__About this task__:
Write out all the data verbatim. Skip images.

__Data__:
§

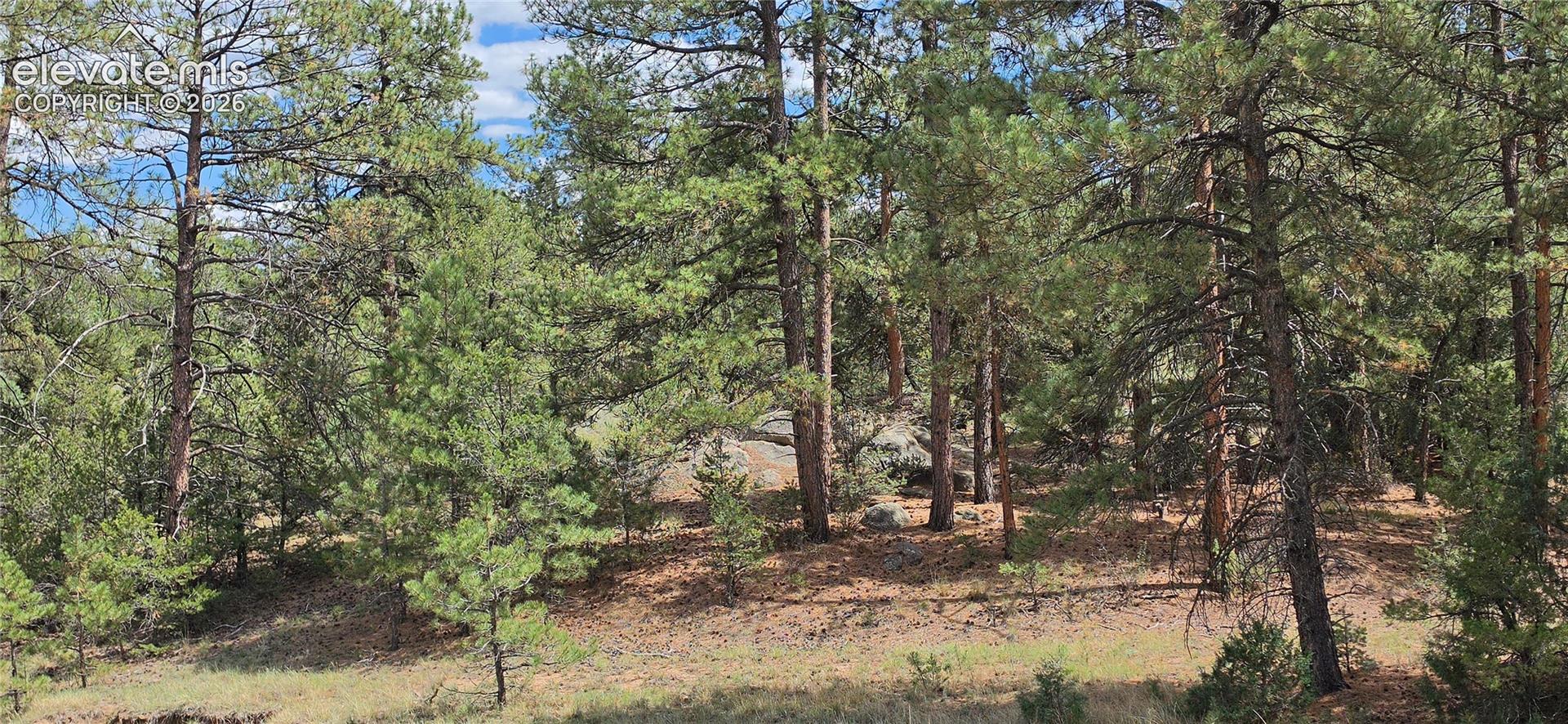 Mature pine trees on a naturally sloped terrain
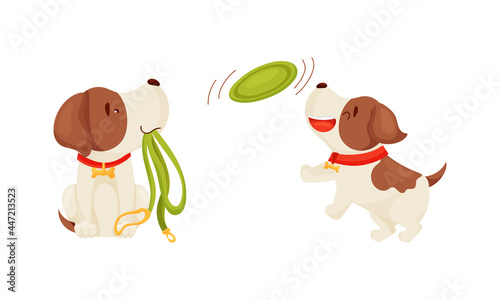 Jack Russell Terrier Playing Frisbee Wriggling Tail and Holding Leash Vector Set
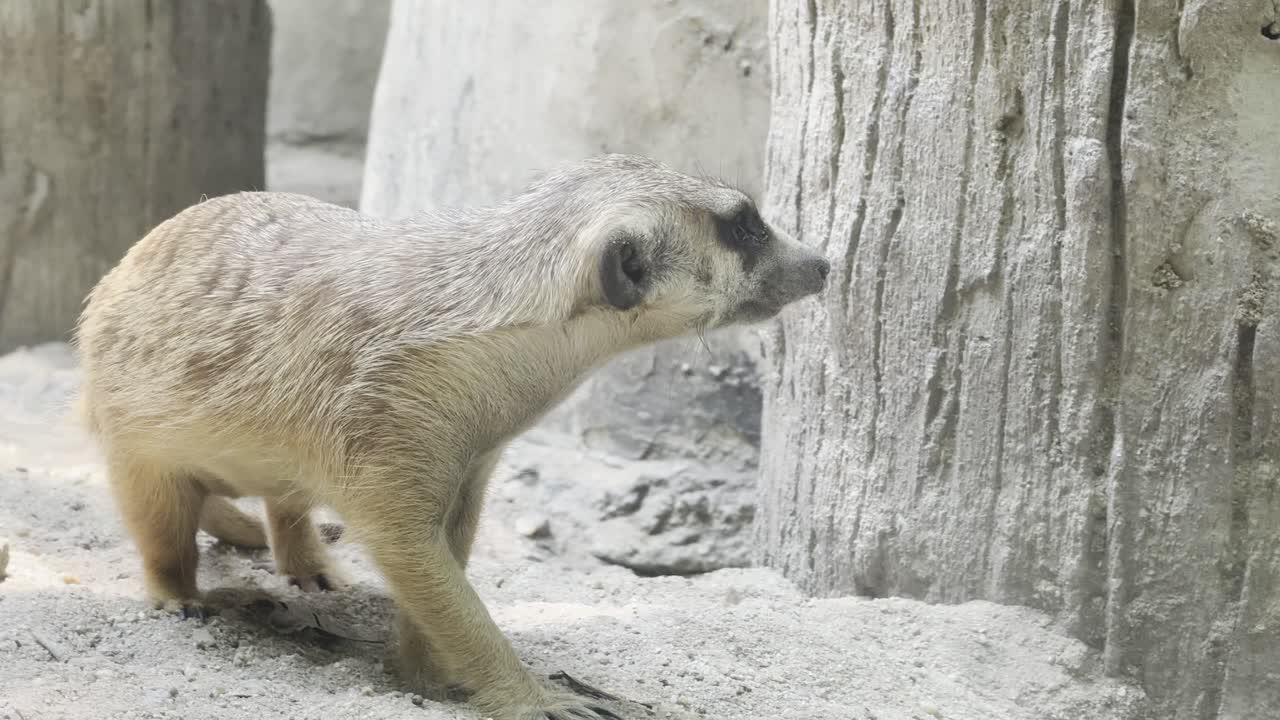 African Meerkat small mongoose animal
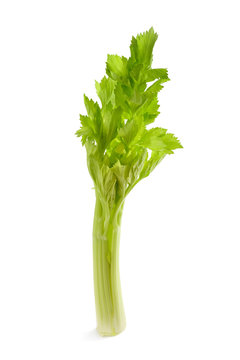 Fresh celery stalk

§

__Answer box__:
 Mature pine trees on a naturally sloped terrain
 Jack Russell Terrier Playing Frisbee Wriggling Tail and Holding Leash Vector Set
 African Meerkat small mongoose animal
 Fresh celery stalk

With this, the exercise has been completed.